Required action
Going through the material below, output exactly the lines from the one containing "If you select" through the one containing "Hello, this is", and no pictures.

━━━ Excerpted data

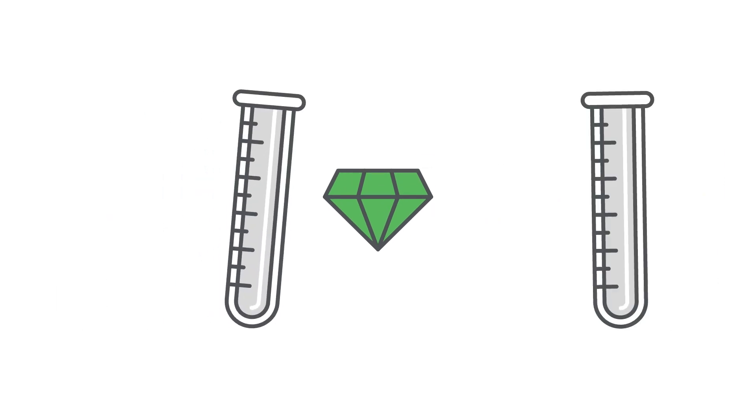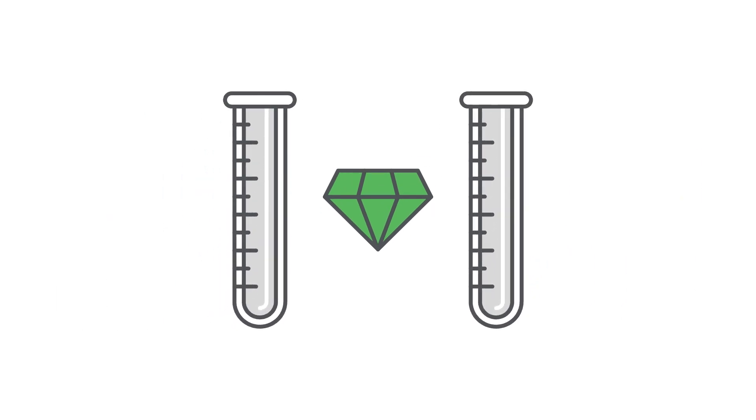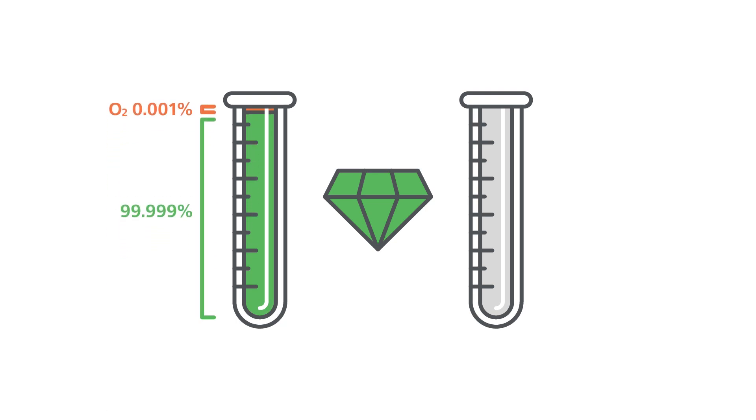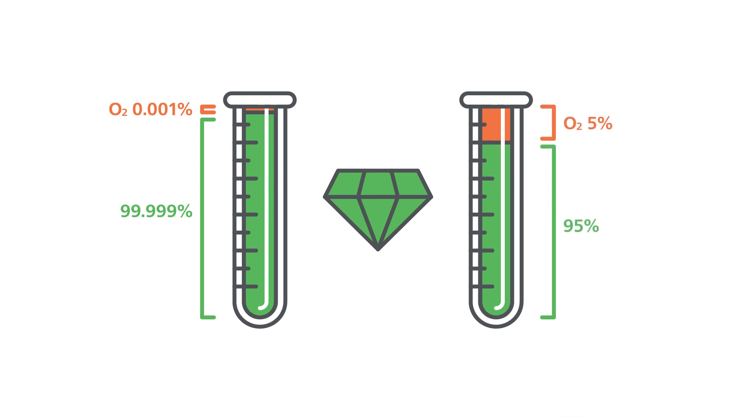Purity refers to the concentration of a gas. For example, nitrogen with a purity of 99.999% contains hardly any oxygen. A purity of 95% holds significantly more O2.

━━━━━━
━━━ Excerpted data

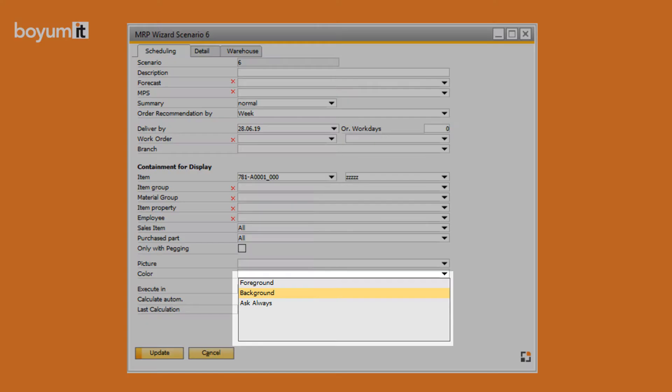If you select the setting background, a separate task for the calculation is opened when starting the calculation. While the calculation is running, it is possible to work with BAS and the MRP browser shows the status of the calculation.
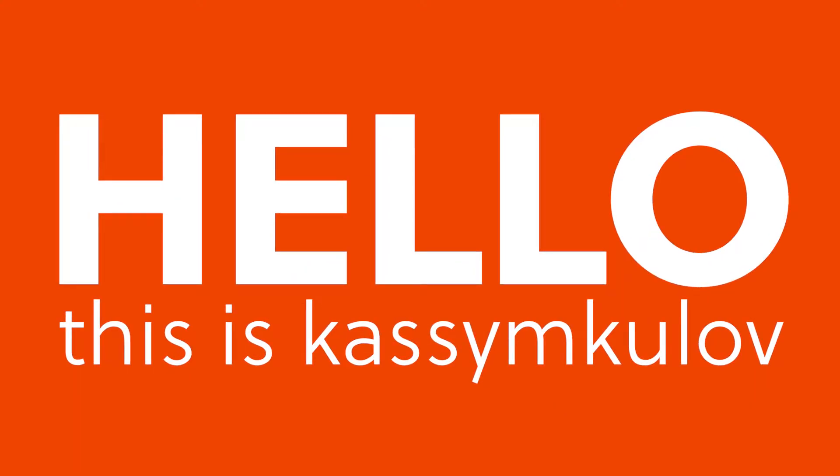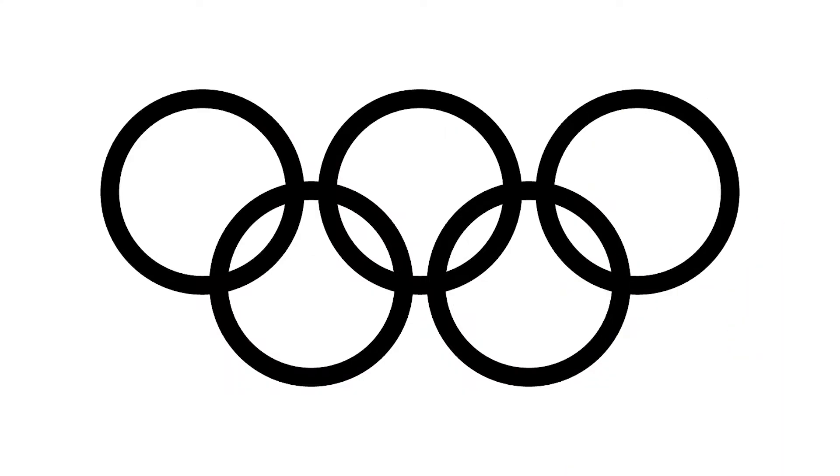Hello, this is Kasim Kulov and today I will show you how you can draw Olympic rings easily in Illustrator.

━━━━━━

Output for this task
If you select the setting background, a separate task for the calculation is opened when starting the calculation. While the calculation is running, it is possible to work with BAS and the MRP browser shows the status of the calculation.
Hello, this is Kasim Kulov and today I will show you how you can draw Olympic rings easily in Illustrator.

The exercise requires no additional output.